Un bureau d'études est une entreprise qui réalise des missions d'ingénierie, de conseil technique ou d'expertise pour des clients professionnels ou institutionnels. L'activité peut couvrir des domaines très variés : génie civil, génie électrique, environnement, thermique, structure, acoustique, hydraulique, ingénierie industrielle...
Le profil type du créateur est souvent celui d'un ingénieur ou d'un expert sénior qui souhaite monétiser son expertise en indépendant, après plusieurs années de salariat. Créer son bureau d'études demande de répondre à quelques questions fondamentales avant de se lancer : quel statut juridique, quel modèle économique, quel financement de départ ?
Quel statut juridique pour un bureau d'études ?

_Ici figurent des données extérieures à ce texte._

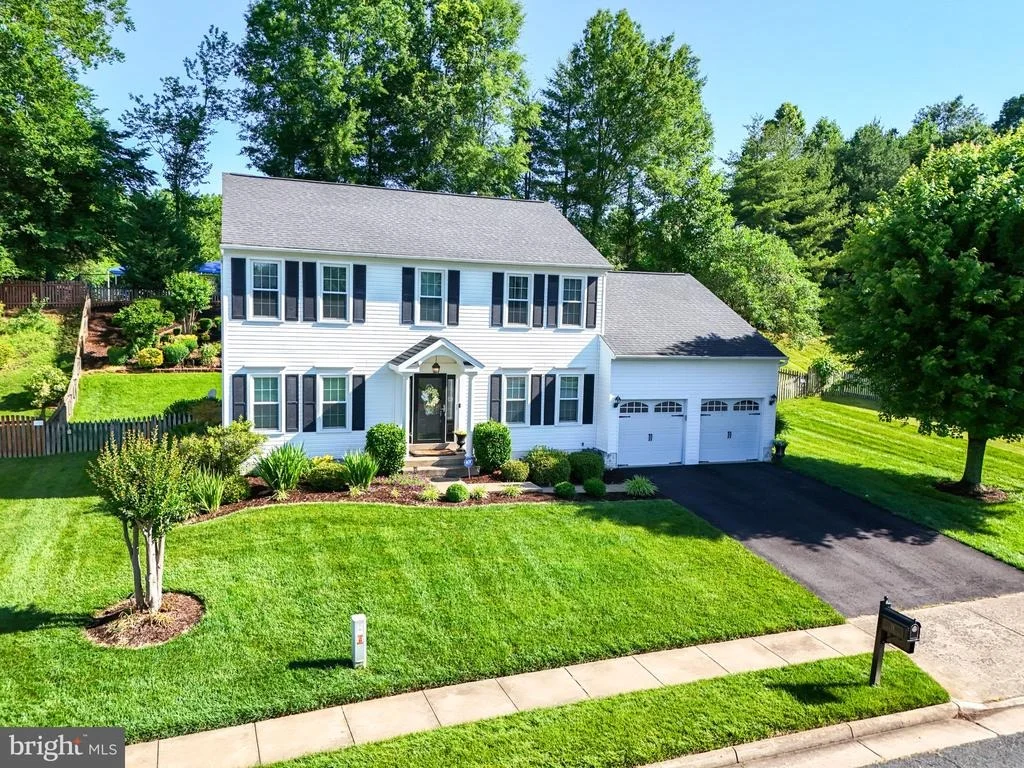 Photo of 14 CHRISTOPHER WAY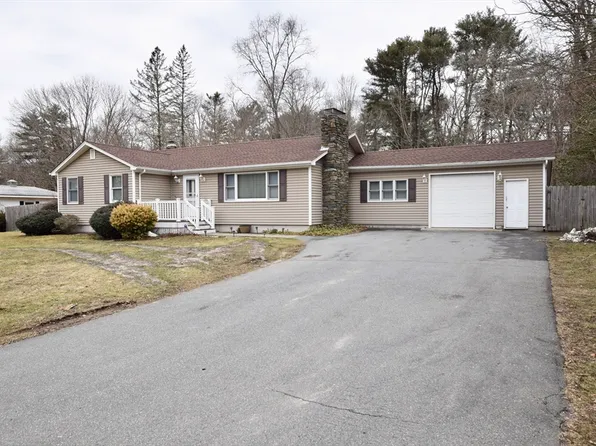 18 Padelford St, Berkley, MA 02779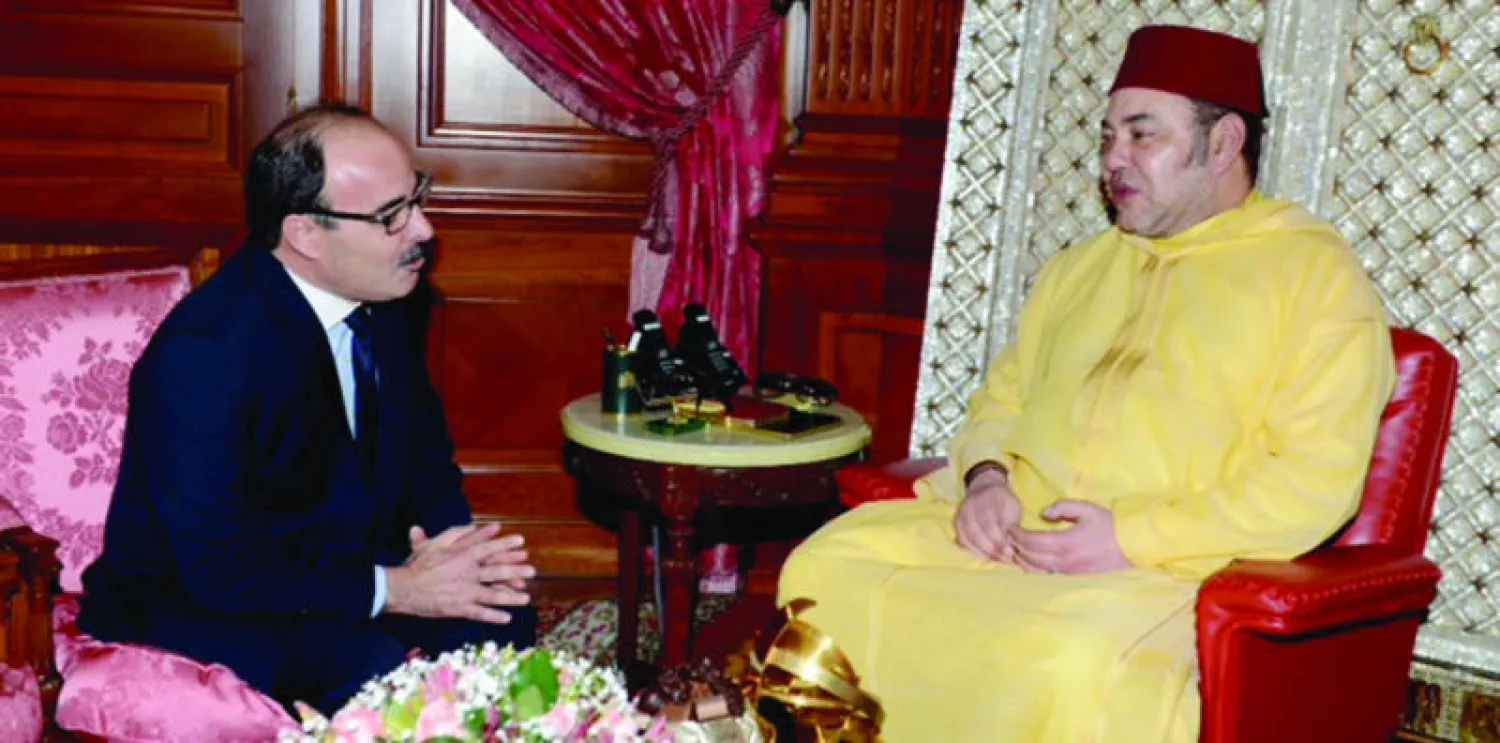 العاهل المغربي الملك محمد السادس خلال استقباله أمس إلياس العماري الأمين العام الجديد لحزب الأصالة والمعاصرة المعارض بالقصر الملكي بالدار البيضاء (ماب)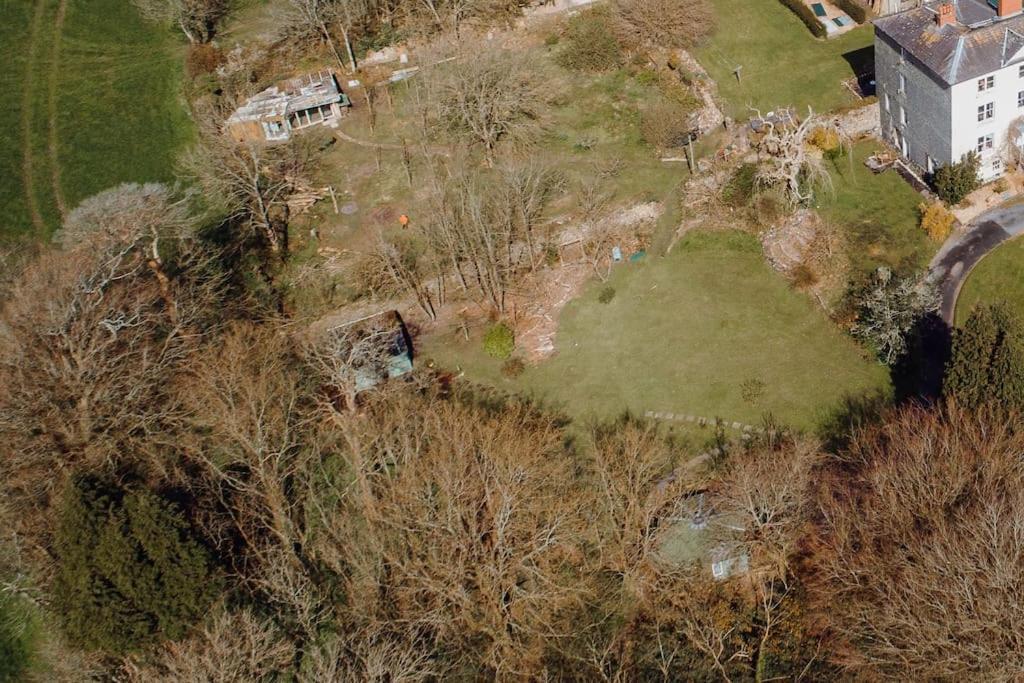 The Roundhouse - Unique Space Nestled In The Trees Begelly Buitenkant foto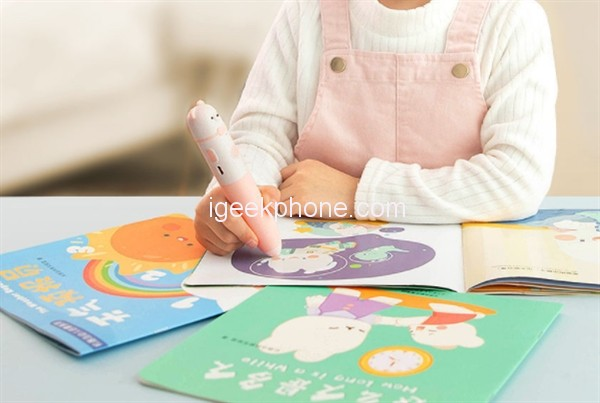 Xiaomi представила умную говорящую ручку с системой ИИ для обучения детей языкам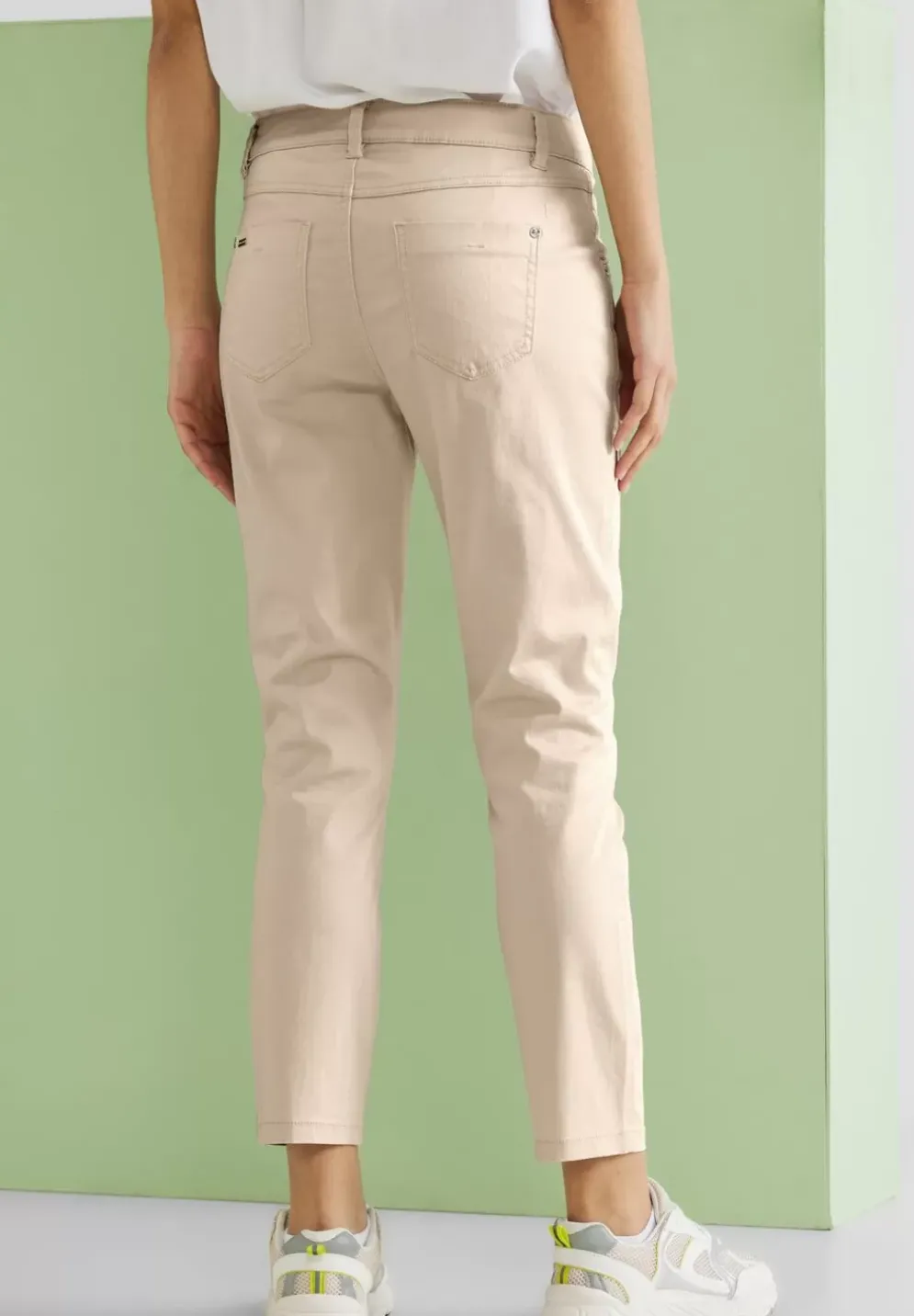Satinierte Casual Fit Hose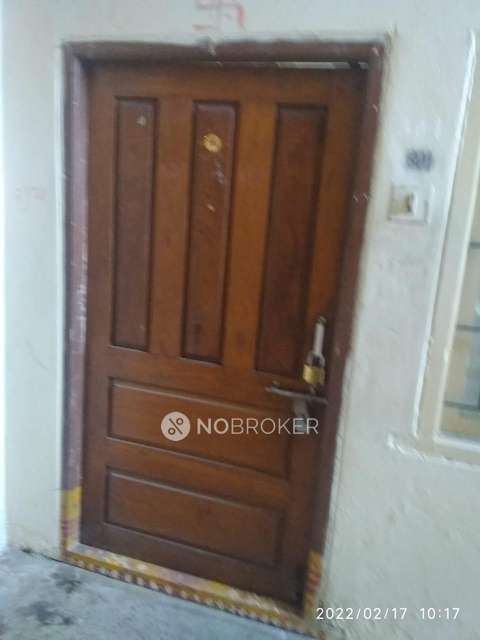 3 BHK Flat In Deepika Mansion For Sale  In Karkhana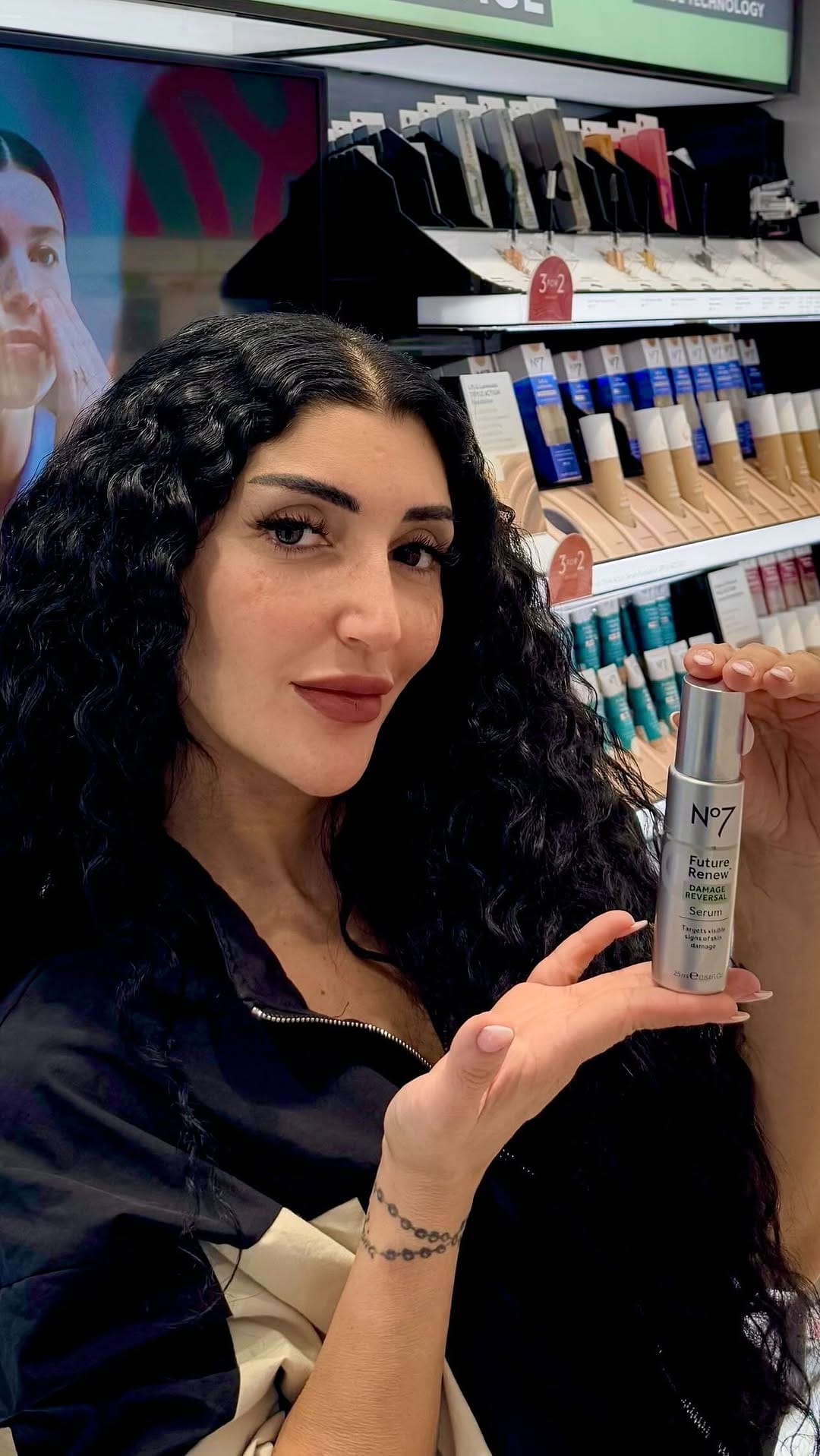 Post 3 by Rana akkari on Instagram (video)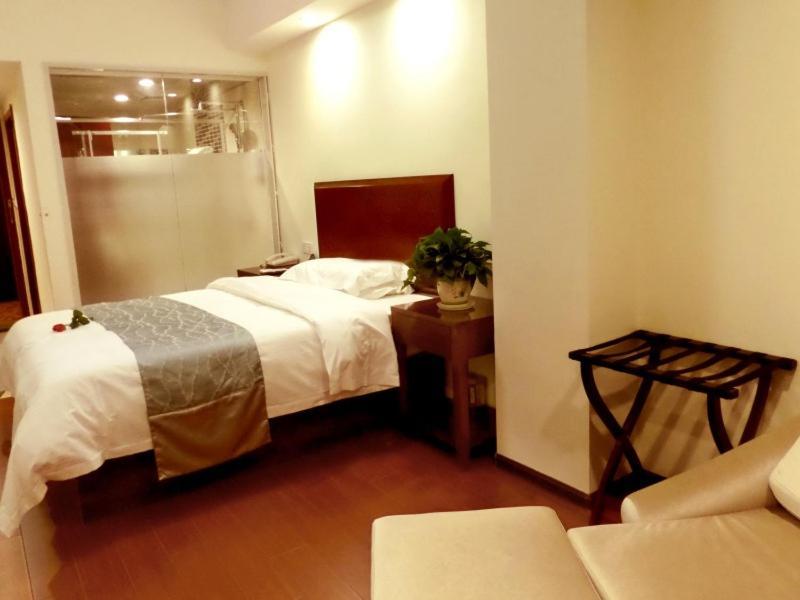 Greentree Inn Jiangxi Jindezhen People Square Jindin Business Hotel Csingtöcsen Kültér fotó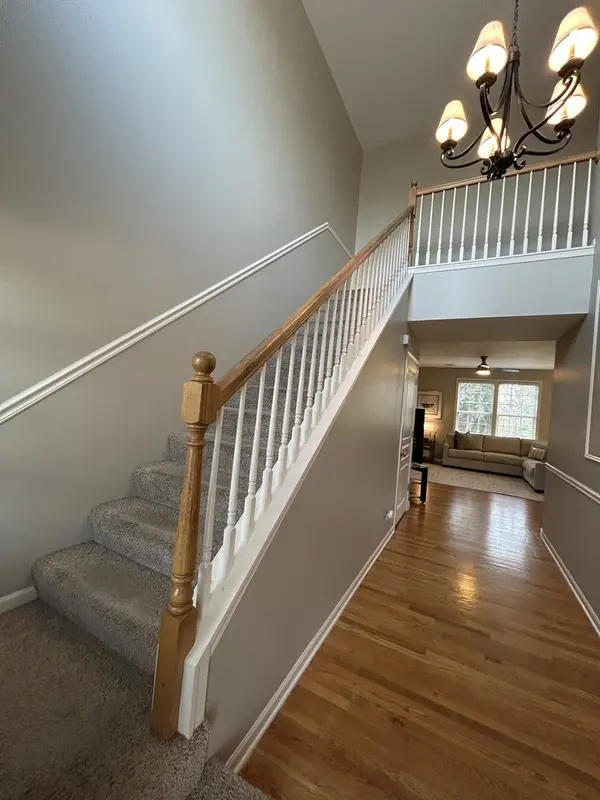 1190 Grand Cypress CT, Aurora, IL 60502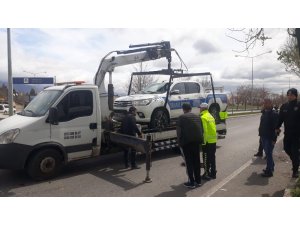 Erzincan’da polis otosu kaza yaptı: 2’i polis 3 yaralı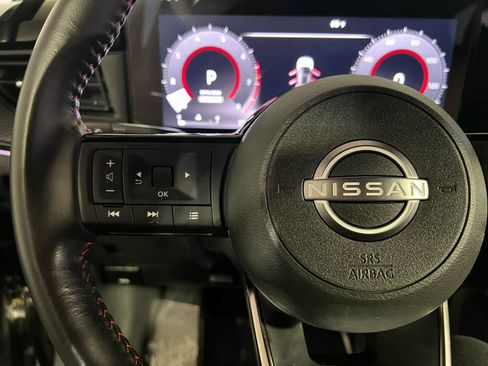 Used 2025 Nissan Kicks SR FWD image 17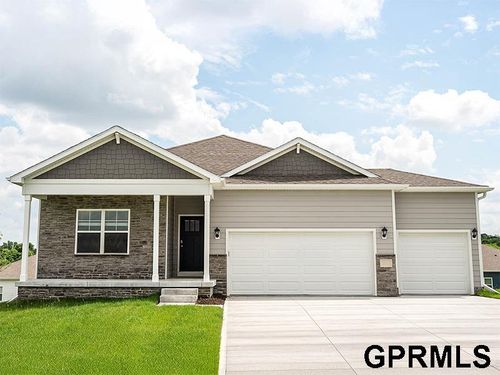 10618 Bearcreek Dr, Papillion, NE, 68046-3472 | Card Image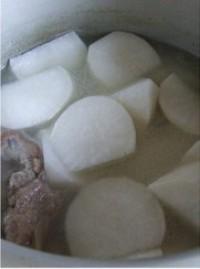 蘿卜豬蹄腐竹湯的做法圖解3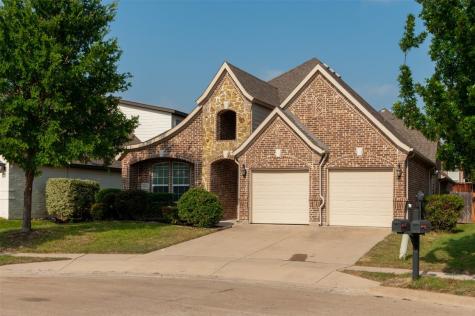 5204 Woodglen Lane Fort Worth TX 76126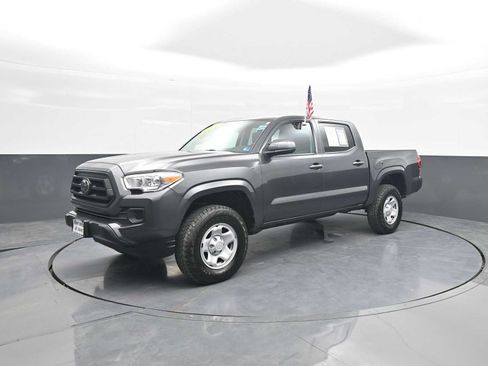 Used 2022 Toyota Tacoma SR AWD/4WD image 4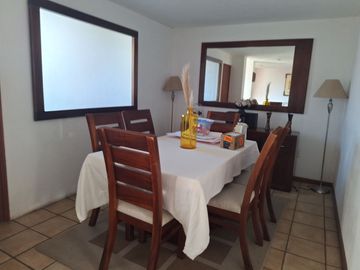 CASA CON ENORME JARDÍN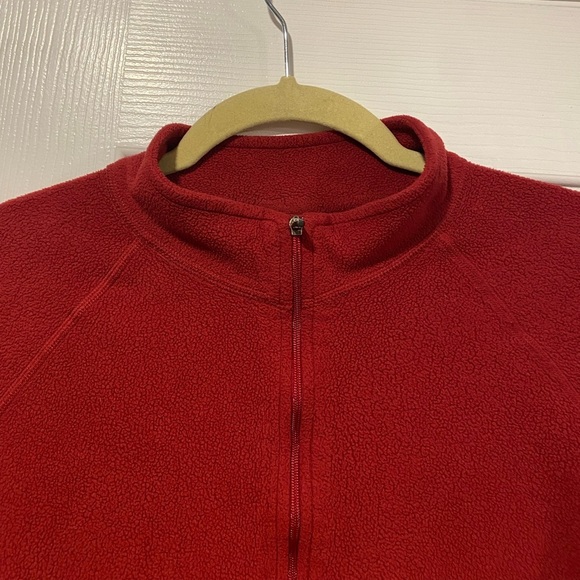 L.L. Bean Size XL Dark Red Mock Neck Quarter Zip Pullover Fleece Top Zip Pocket - Picture 4 of 9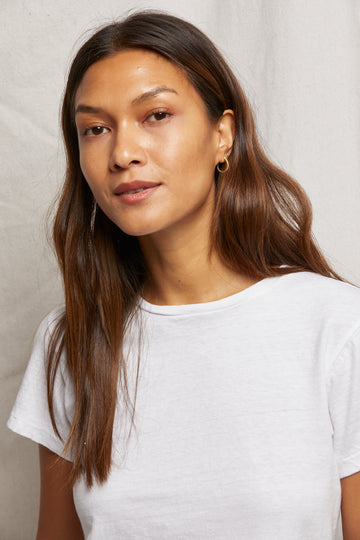LISA SLIM CREW TEE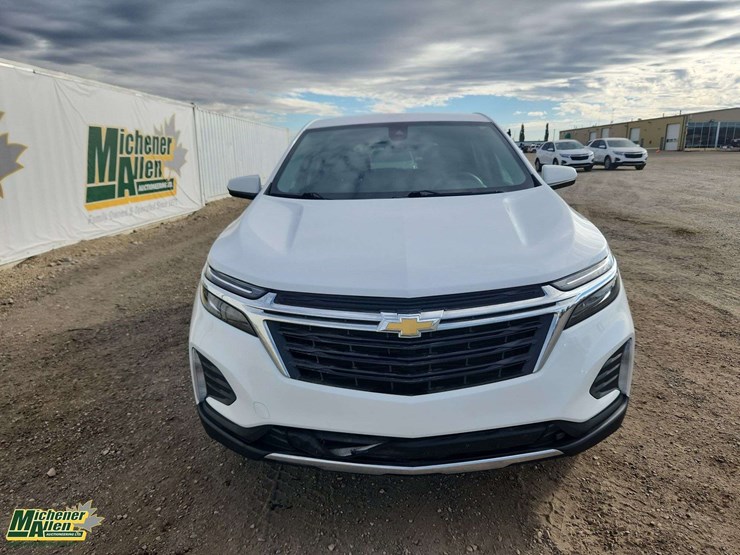 2022-chevrolet-equinox-image-27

Le choix du statut détermine votre régime fiscal, votre protection sociale et vos obligations comptables. Plusieurs options sont disponibles selon la taille envisagée et votre situation personnelle.
La micro-entreprise pour démarrer en solo
Si vous démarrez seul en tant que consultant ou ingénieur indépendant, la micro-entreprise permet de tester l'activité avec un minimum de contraintes administratives. Les avantages sont réels au démarrage : aucune cotisation si vous ne facturez pas, comptabilité réduite à un livre de recettes, formalités de création gratuites via guichet-entreprises.fr.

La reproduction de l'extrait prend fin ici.